Forecast Microsoft stock prices in Azure Machine Learning Studio’s AutoML.
I’ve said it before and I’ll say it again:
A common misconception when it comes to doing data science or machine learning in the cloud is complexity and difficulty. While it is true that intimate knowledge of cloud technology and networking is required if you’re going to deploy something into production, there’s nothing saying that we can’t play around with the technology and deploy proof of concept projects to demonstrate what’s possible.¹
In this tutorial, we will play around with Microsoft’s Azure Machine Learning platform and train a simple time-series forecasting model to predict the daily closing price of Microsoft stock (MSFT). We will then take that model and deploy it in the cloud as a REST endpoint. Then, we’ll continue to test the REST endpoint by making more predictions for the future.
WARNING! This is an epic post. Lots of pictures abound. I really tried as hard as I could to capture each step of the way with a screenshot to give a sense of security for newbies out there like me!
Prerequisite:
Basic knowledge of Azure Machine Learning Studio. Visit this post for a quick and dirty tutorial on how to Train and Deploy a Binary Classification Model in Azure Machine Learning.
In this post, we will:
- Create a new resource group
- Create a new machine learning workspace
- Create a new AutoML job
- Provide training dataset
- Create a new Azure compute cluster
- Provide a test dataset
- Train a time-series forecasting model
- Deploy the best model to a web service
- Test the web service
0. The Data
Before we get started with Azure, let’s check out the dataset first. Go to https://github.com/ecdedios/azure-automl-time-series-forecasting and download both train and test datasets.
These datasets came from Yahoo Finance. It contains daily historical data of Microsoft (MSFT) stock for the last two years. There are seven columns: Date, Open, High, Low, Close, Adj Close, and Volume. The training dataset consists of data from 5/26/2020 to 12/28/2021. The test dataset consists of data from 12/29/2021 to 5/23/2022. Notice that the test dataset begins where the training dataset ended. When it comes to time series, we do not split the data randomly. For more on this, visit this post by Dario Radečić.
1. Create a new resource group
According to Microsoft, “A resource group is a container that holds related resources for an Azure solution. The resource group can include all the resources for the solution, or only those resources that you want to manage as a group.”²
Simply put, resource groups hold all the related resources that work together to accomplish a certain goal.
Let’s start our journey together by going to the Azure portal at https://portal.azure.com.
Click on “Resource groups.”

Then, click on “Create.”

Select a subscription you’d like to use and type in a name for your resource group. Also, select a region. I recommended a region that is close to you.
Click on “Review + create.”

You’ll see it validating. Once finished, click on “Create.”

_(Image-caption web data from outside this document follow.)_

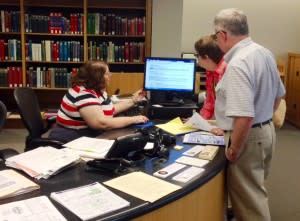 Librarian Delia Bourne helps people at the Genealogy Center desk. 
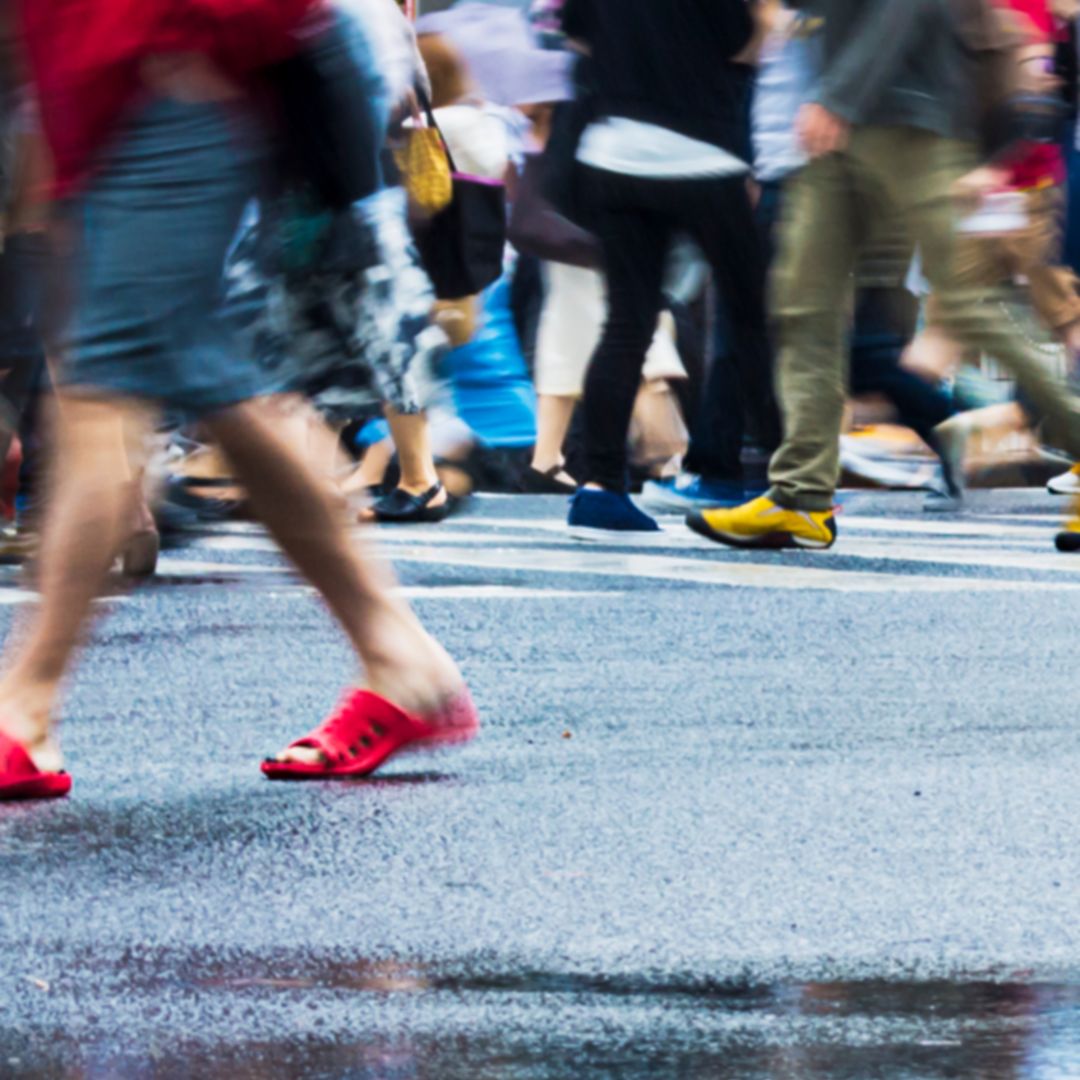 People, crossing Shibuya Scramble Intersection, Tokyo, Japan on a rainy day. 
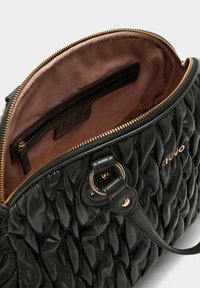 Zwarte gewatteerde handtas met goudkleurige accenten, een ritssluiting en een gladde binnenvoering. Voorzien van een binnenvak voor organisatie.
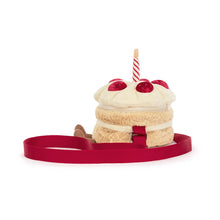 A plush cake-shaped bag with cream-colored frosting, red cherry details, a striped candle, and a red strap, shown on a plain white background. Side view.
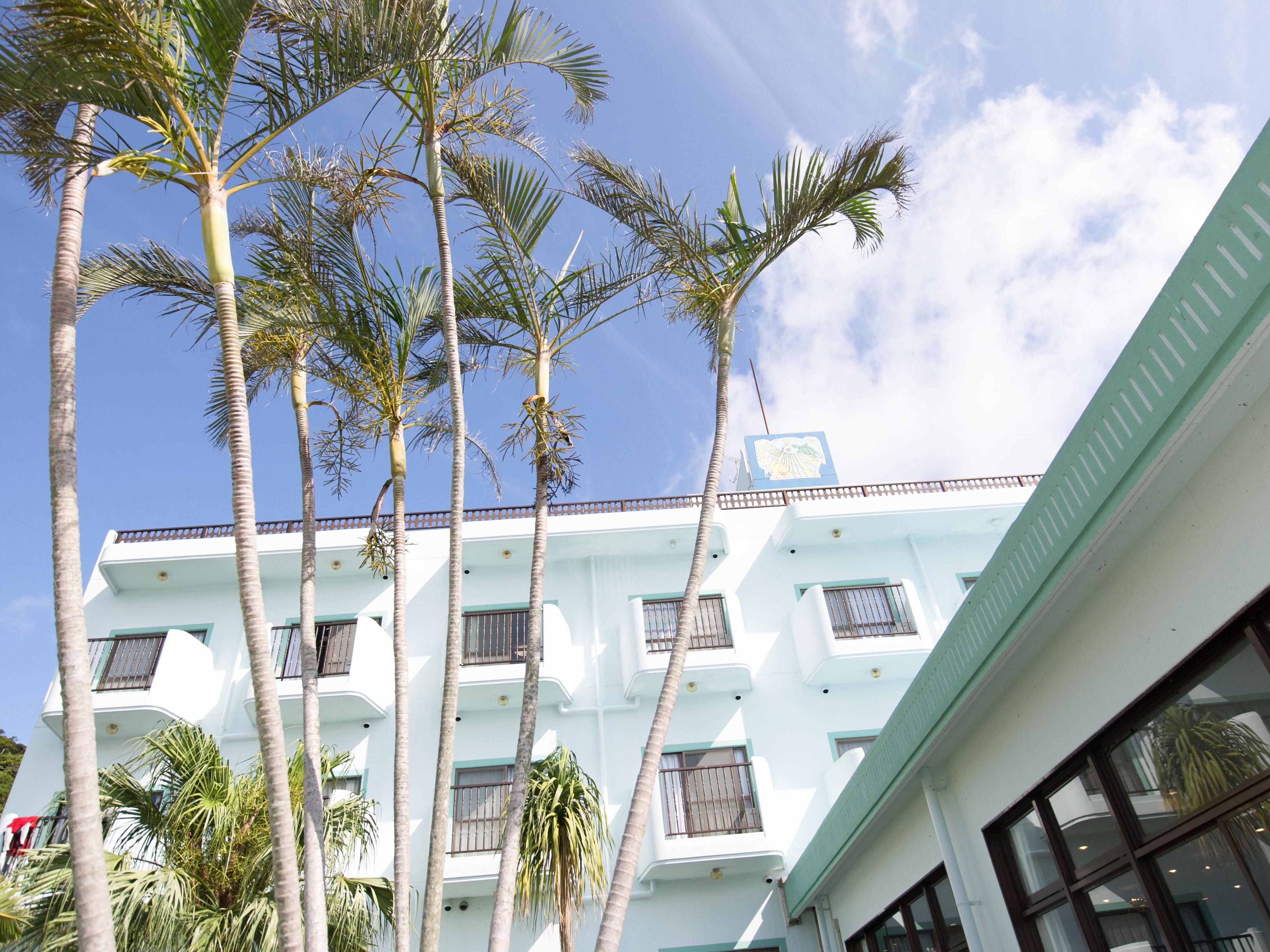 A multi-story building with balconies and palm trees.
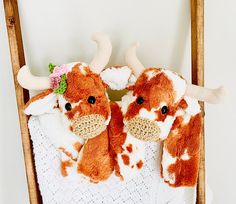 two brown and white cow stuffed animals sitting on top of a blanket in a chair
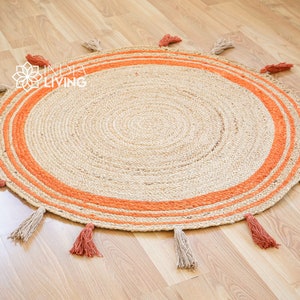 May include: A round jute rug with a natural beige color and orange stripes around the edge. The rug has tassels around the edge in both beige and orange.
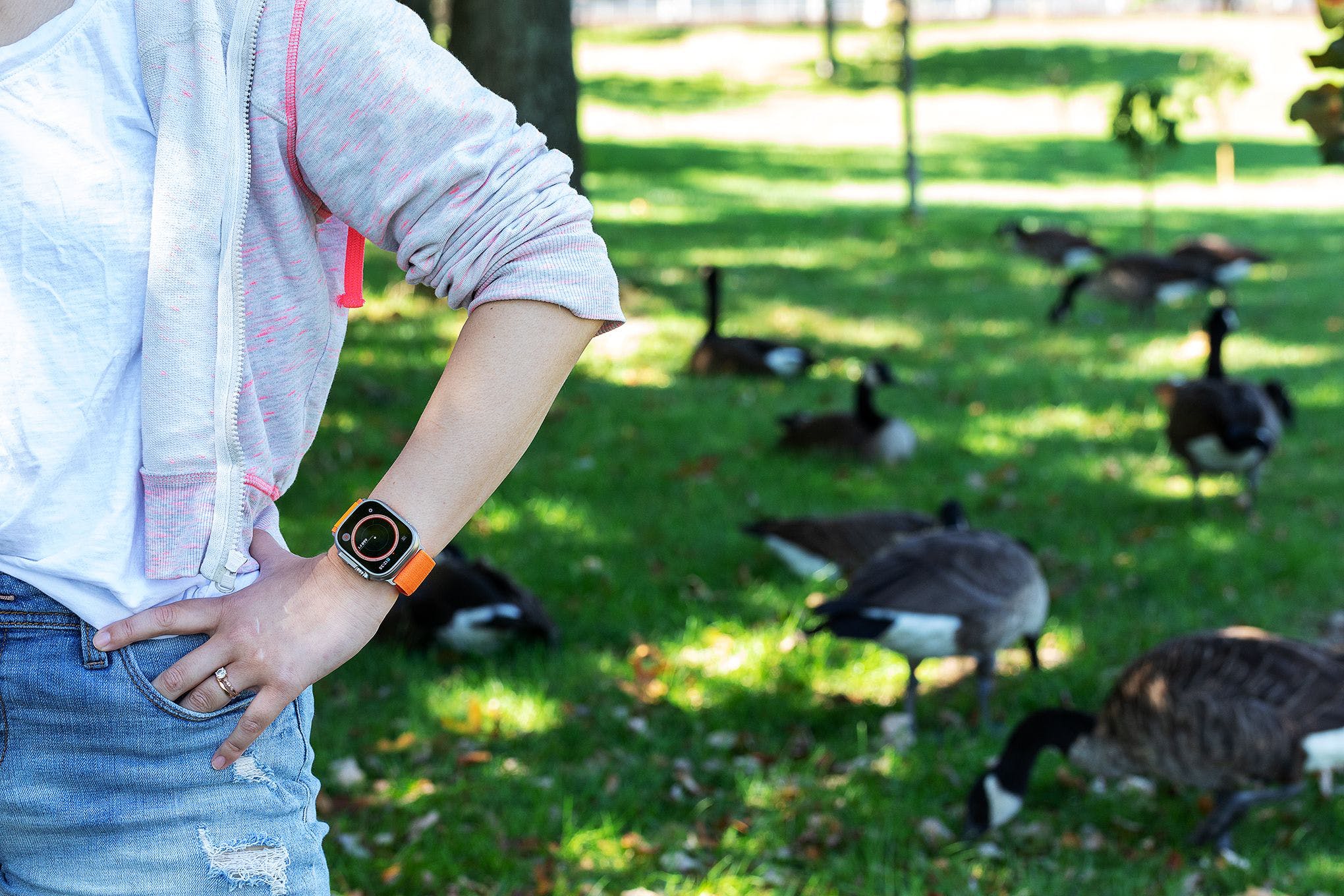 Woman modeling Apple Watch Ultra with geese in the background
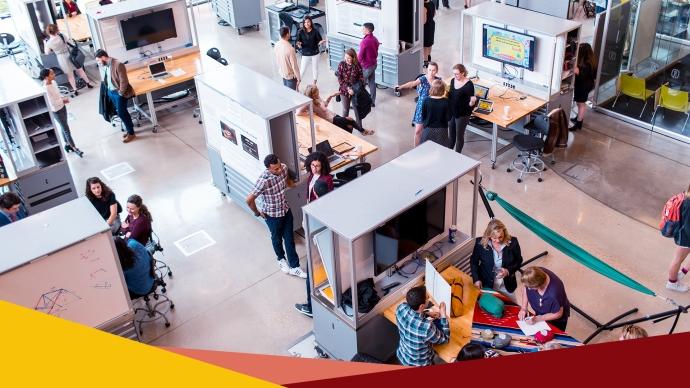 an overhead shot of the CSI cube shows multiple groups of students and faculty exhibiting research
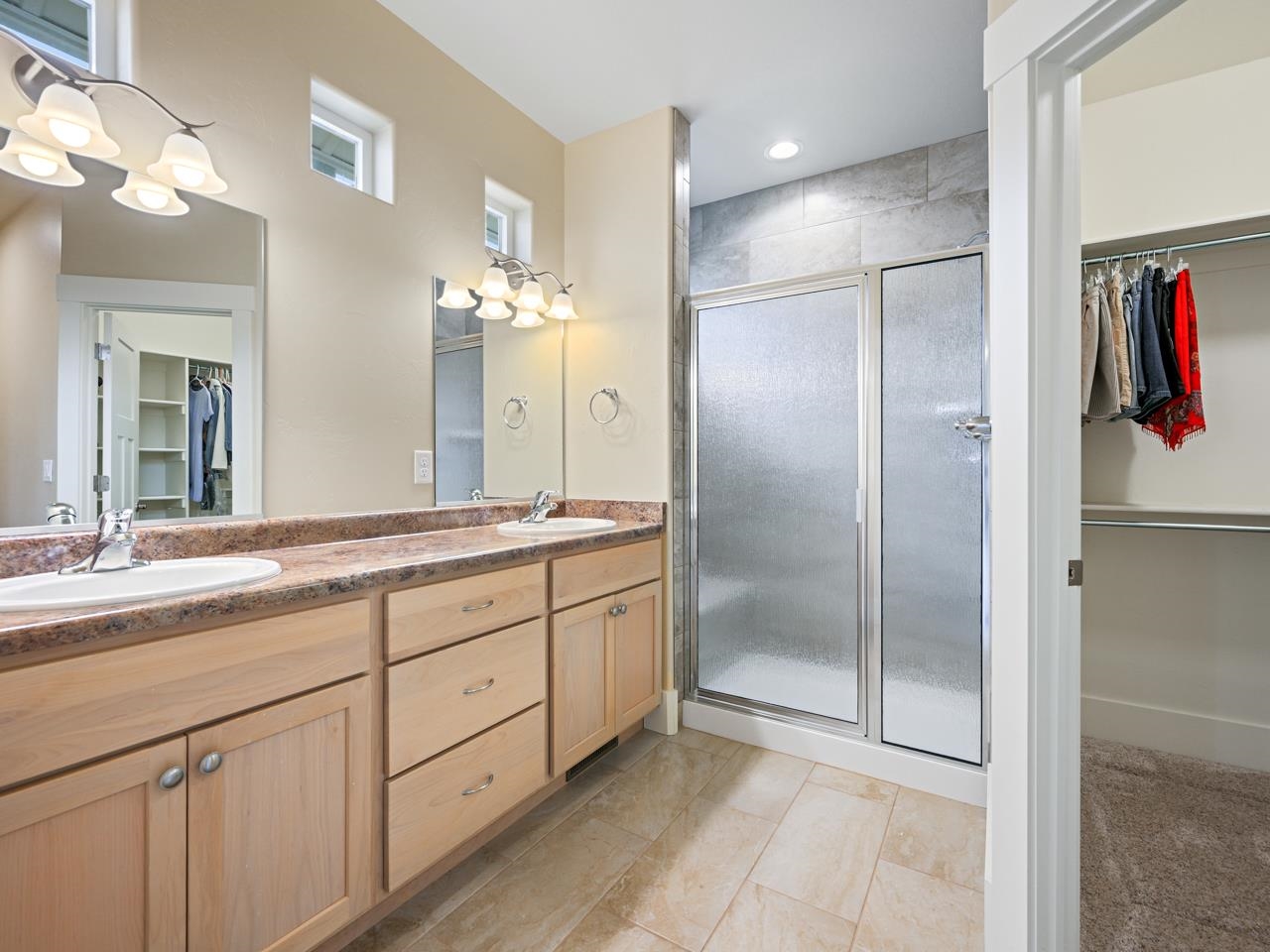 1245 Periwinkle Street Fruita, CO 81521 - Photo 26 of 34 a bathroom with a shower sink and mirror
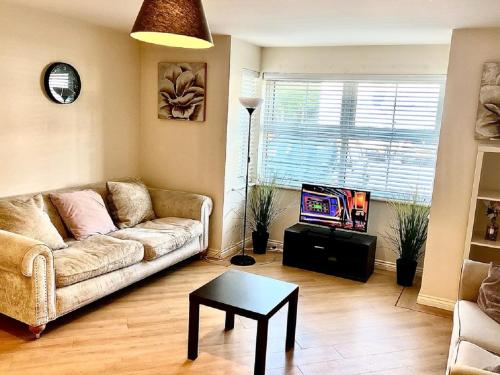 ein Wohnzimmer mit einem Sofa, einem Tisch und einem TV in der Unterkunft Chancellor Court Apartment in Liverpool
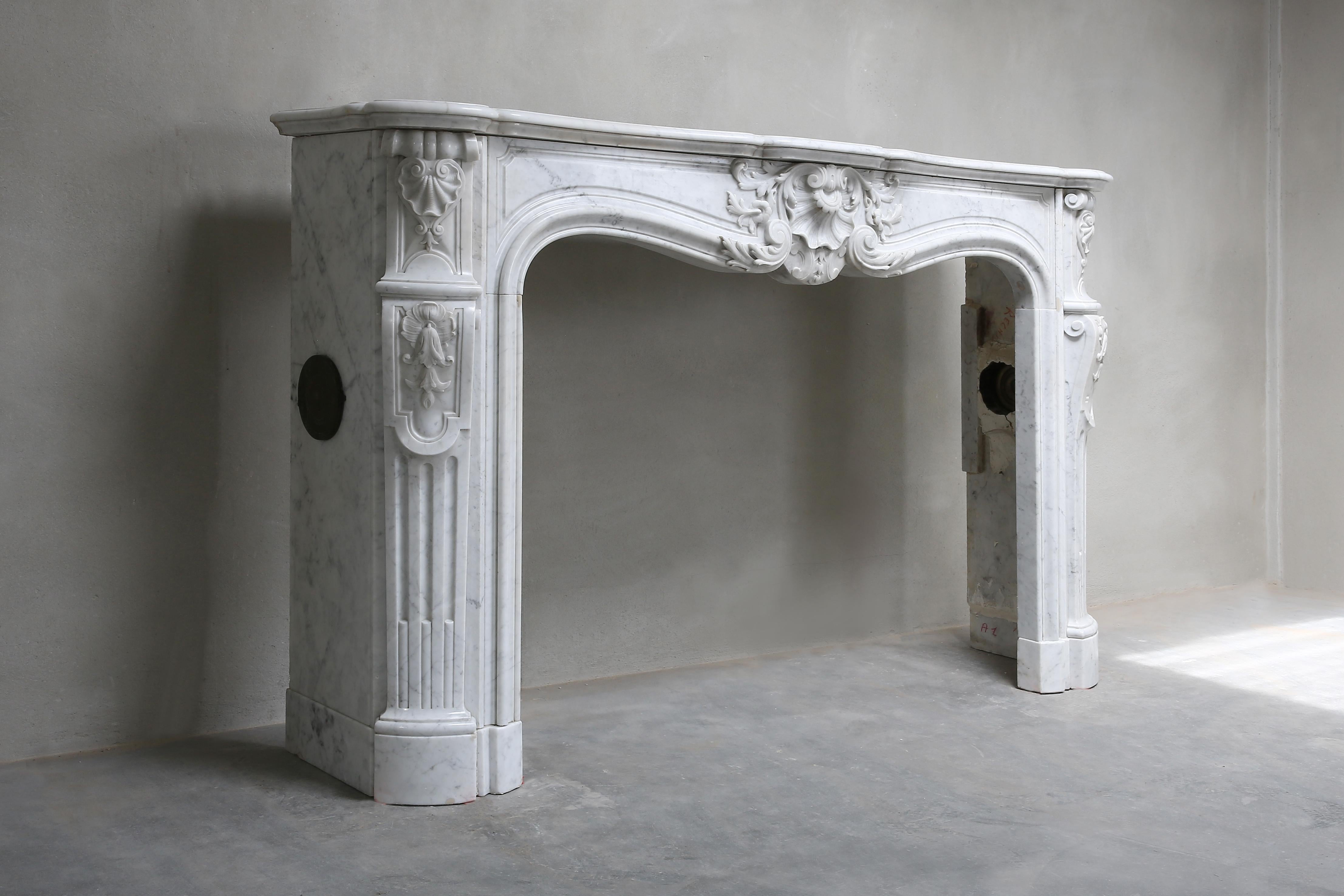 Beautiful Carrara marble fireplace from late 18th Century or early 19th century. 
A richly sculptured fireplace with decorations and a scallop in the middle and on the sides with various ornaments and flutes on the legs.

2. Create a new machine learning workspace
Microsoft states that a “workspace is the top-level resource for Azure Machine Learning, providing a centralized place to work with all the artifacts you create when you use Azure Machine Learning. The workspace keeps a history of all training runs, including logs, metrics, output, and a snapshot of your scripts.”³
In other words, it’s just like a resource group that is created specifically for machine learning. The machine learning workspace is your gateway to the Azure Machine Learning Studio, where you orchestrate the different services needed to do machine learning tasks.
Back to the Azure portal, click on the resource group that you just created.

Click on “Create” and a dropdown will appear.

Select “Azure Machine Learning.”

Click on the “Create” button.

Select the subscription and resource group that you’d like to use. Type in a name for your workspace and select a region. The rest of the fields will auto-populate.

Click on the “Review + create” button.

It will go to another round of validation. Once complete, click on the “Create” button.

Deployment of the workspace is not instant; you may have to wait just a little bit. When done, click on “Go to resource.”

Let’s now leave the Azure portal and go into the Azure Machine Learning Studio. Click “Launch studio.”

3. Create a new AutoML job
Microsoft hails AutoML as “the process of automating the time-consuming, iterative tasks of machine learning model development. It allows data scientists, analysts, and developers to build ML models with high scale, efficiency, and productivity all while sustaining model quality.”⁴
Long story short, it lets data scientists of all skill levels build, deploy, and operationalize machine learning models at scale.
Click on “Start now.”

Click on “New Automated ML job.”

Click on “Create” and select “From local files” in the dropdown that appears.


Name your dataset and type in a short Description.
Click “Next.”

4. Provide training dataset
Click on the “Browse” button and select “Browse files” in the dropdown that appears.


Select the training set that you downloaded earlier from Github.

Click “Next.”

Confirm that the details of the file are correct and then click on the “Next” button.

It will take about a few seconds for your newly uploaded dataset to appear. Click on “Refresh” to see it on the list.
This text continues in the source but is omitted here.